Yaklaşık yarı yarıya otolog ve allojenik plantasyon yapılmış. Yüksel Oğuzhan’da o hastalarımızdan birisi. Yükselin özelliği kardeşinin kordon kanı hücreleri kullanılarak gerçekleştirilmesi. Ekibimizde bulunan herkesin eline sağlık. İmkanlarımız biraz daha artarsa, zannediyorum Türkiye’deki sayılı merkezlerden biri haline geleceğiz” dedi.
Başta ilaçlarla tedavi edilen ancak olumlu sonuç alınmamasından dolayı nakil yapmaya karar verdiklerini belirten Erciyes Üniversitesi Tıp Fakültesi Pediatrik Hematoloji-Onkoloji Bilim Dalı Öğretim Üyesi Doç. Dr. Musa Karakürkçü, “Yüksel yaklaşık 4 buçuk sene öncesinde lösemi tanısı almıştı. Ondan sonraki dönemde hastalık ilaçlarla tedavi edildi. Ancak iki kez tekrar etti. Bu iki tekrardan sonra biz kemik iliği nakli yapmaya karar verdik. Kemik iliği nakli içinde uygun verici yoktu. Ama sonradan bir kardeşi doğdu. Kardeşi doğarken doğum sırasında annenin plasentasından kordon kanı topladık. Buradaki aferez ünitemizde bu kordon kanımızı -186 santigrat derecede, yaklaşık 1 yıl kadar sakladık. Daha sonra da Yüksel uygun hale geldikten sonra buradan aldığımız kordon kanıyla Yüksel’in kemik iliği naklini yaptık” diye konuştu.

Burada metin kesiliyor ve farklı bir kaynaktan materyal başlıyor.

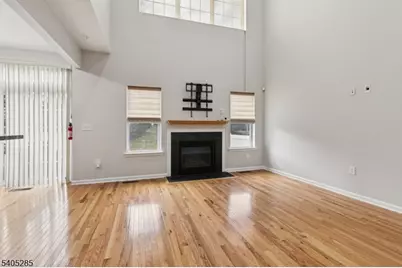 22 Clifford Cir, Franklin Township, NJ 08873 - Photo 7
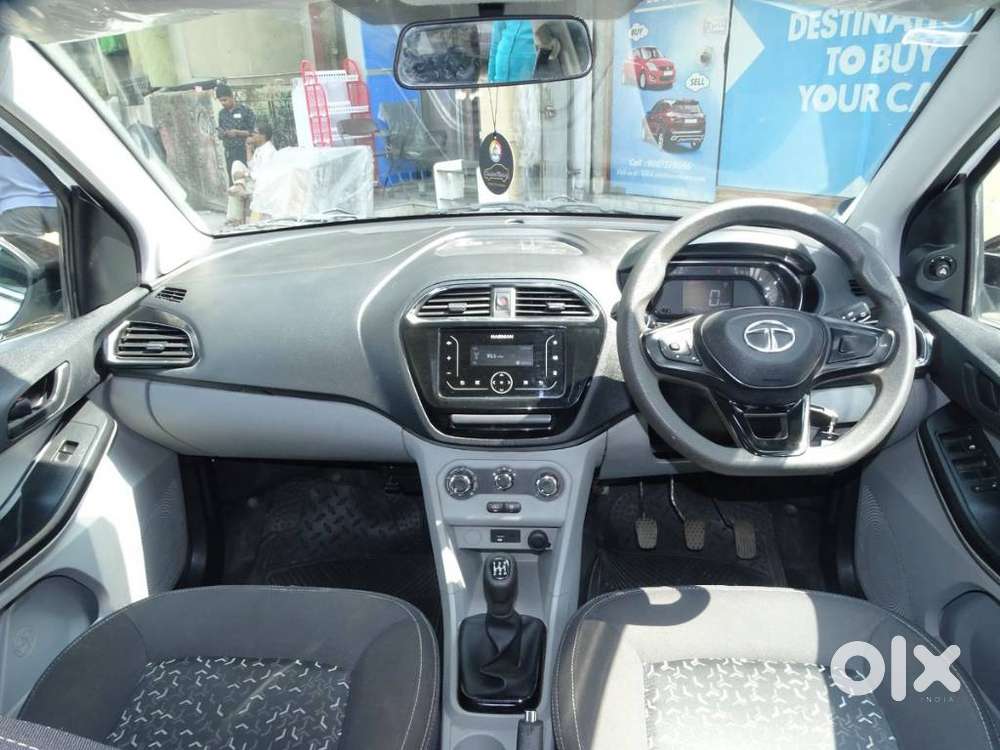 Tata Tiago 1.2 Revotron Xt (o), 2023, Petrol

50 gün kadar meşakkatli bir dönem geçirdiklerini belirten Karakürkçü, “50 gün kadar meşakkatli dönem geçirdikten sonra Yüksel taburcu oldu ve şuanda kontrolleri iyi gidiyor” ifadelerini kullandı. Türkiye’de kordon naklinin çok az yapılabildiğini söyleyen Karakürkçü, bunun sebebinin de bakanlığın Türk-Kök ismi altında bir projeyle bütün kort kanı birleştirip bir banka haline getirme planı olduğunu dile getirdi.